As for player salaries, they were not to exceed $75 per man, per week.

“We’d run it just like the big leagues,” Speaker told the Cincinnati Enquirer for a September 1, 1939 story. “Two umpires, contracts, a regular schedule, a world series each March between the Eastern and Western sections, and divide up the service money as they do in the big show. We’d limit the teams to 13 players, and I believe that after those nonbelievers among the baseball fans got a load of one of those softball pitchers who strike out 20 and 25 men a game, or look at one of those .500 hitters, they’d really like the game.

“It’ll keep the game alive during the winter. If it stirs up a lot of new kids it will develop some big league stars. Tommy Henrich got his start with a softball team, and so did Ken Keltner. And I think (Joe) DiMaggio did, too.”

To accommodate the enclosed space bases were located 60 feet apart, the pitching distance was 40 feet from mound to plate, and a 12-inch “deadened” ball was used. Players – nine to a side on defense – used ribbed gloves and sneakers.

Miller told the Brooklyn Daily Eagle that fans would be impressed by the underhanded pitching skills of the league’s hurlers.
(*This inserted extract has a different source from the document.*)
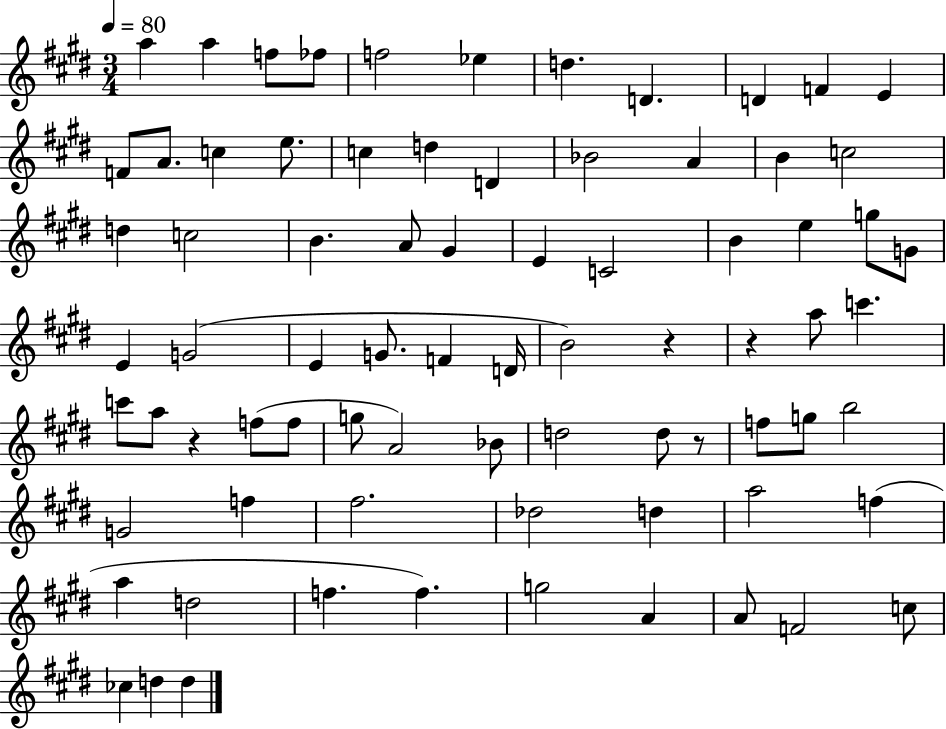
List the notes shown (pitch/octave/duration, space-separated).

A5/q A5/q F5/e FES5/e F5/h Eb5/q D5/q. D4/q. D4/q F4/q E4/q F4/e A4/e. C5/q E5/e. C5/q D5/q D4/q Bb4/h A4/q B4/q C5/h D5/q C5/h B4/q. A4/e G#4/q E4/q C4/h B4/q E5/q G5/e G4/e E4/q G4/h E4/q G4/e. F4/q D4/s B4/h R/q R/q A5/e C6/q. C6/e A5/e R/q F5/e F5/e G5/e A4/h Bb4/e D5/h D5/e R/e F5/e G5/e B5/h G4/h F5/q F#5/h. Db5/h D5/q A5/h F5/q A5/q D5/h F5/q. F5/q. G5/h A4/q A4/e F4/h C5/e CES5/q D5/q D5/q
“In this game, the pitcher works the inside of the plate and with good stuff he can have the boys popping up all night,” Miller said. “The topnotch indoor pitcher can put plenty of stuff on the ball and can throw the same curves that you see in the major leagues. It’s real baseball and don’t let any one kid you that it’s an old man’s game. The way these fellows play the game is just as tough as big league baseball.”

Rosters were dotted with some former Major Leaguers, but most were pulled from the amateur softball ranks.  That prompted Wilbur E. Landis, president of the Amateur Softball Association, to warn softball players they’d lose their amateur status if they signed with the NPIBL.

But the idea was that indoor “baseball” could serve as a feeder league to the bigs, so many jumped at the chance to play indoors for pay.

Speaker threw out the first pitch at the November 17 opener at Philadelphia’s Convention Hall, a contest that saw Philly beat Boston, 16-3, in front of 1,000 fans. (Admission fees throughout the league were set at 25 cents, 50 cents and 75 cents).

A few days later 2,500 showed up in the Bronx to see Brooklyn split with New York, 6-5, 7-14, and Boston and Brooklyn played at the Boston Garden before 5,000 fans on November 27 with Brooklyn winning, 4-3 and 8-0.

However, the novelty quickly wore off.

Paying customers lost interest, and by early December most St. Louis players left the team to seek readmission to ASA leagues. On December 5 International News Service reported that the league was close to folding as organizers scrambled to alter the schedule to feature series instead of single games and doubleheaders.

On December 19 Boston withdrew from the NPIBL, and three days later the entire league was done.

“After several meetings to work out a revised schedule which would permit games to be played between eastern and Western teams, it became apparent that this was not practical at this time because suitable buildings were not available on dates which would not conflict,” Speaker said in a statement. “Therefore the clubs will discontinue play for the present. It is hoped that in the future a change in conditions will make it possible to resume.”

As of Christmas Day, 2021, a “change in conditions” has yet to occur, and the Professional Indoor Baseball League continues its 81-year hiatus.